Concept

John Widgery, Baron Widgery

Résumé
John Passmore Widgery, Baron Widgery, (24 July 1911 – 26 July 1981) was an English judge who served as Lord Chief Justice of England and Wales from 1971 to 1980. He is principally noted for presiding over the Widgery Tribunal on the events of Bloody Sunday. Widgery came from a North Devon family which had been living in South Molton for many generations. His father, Samuel Widgery (died 1940), was a house furnisher; his mother Bertha Elizabeth, née Passmore, was Samuel's second wife, and served as a magistrate. An ancestor had been a gaoler. Widgery attended Queen's College, Taunton, where he became head prefect. He was admitted as a solicitor in 1933 after serving as an articled clerk, but instead of going into practice, he joined Gibson and Welldon, a well-known firm of law tutors. He was an effective lecturer in the years leading up to World War II while he was also commissioned into the Royal Engineers (Territorial Army) in 1938, having joined as a sapper. As a searchlight officer, in 1940 he transferred to the Royal Artillery. Widgery participated in the Normandy landings. By the end of the war he had an OBE, the Croix de Guerre (France), and the Order of Leopold (Belgium), and had reached the rank of brigadier.
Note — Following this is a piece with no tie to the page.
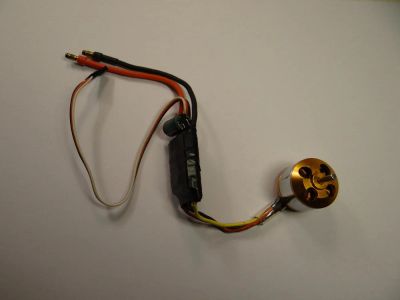 Лот: 11384869. Фото: 1. Мотор A2212 1000kv - 1. Авиамоделизм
Widgery was an active freemason. After demobilization Widgery changed to another branch of the legal profession as he was called to the bar by Lincoln's Inn in 1946. He gathered a reputation for being a fast talker, and eventually came to specialise in disputes over rating and town planning, where his methodical approach and self-control were useful attributes. In 1958 he was made a Queen's Counsel, the first such award given to a post-war barrister. Widgery became a High Court judge in 1961, receiving the customary knighthood. As a judge he did not draw attention to himself and his judgments tended not to include any comments which were pithy, memorable or quotable. However, his calmness produced judgments which were generally regarded as fair and humane.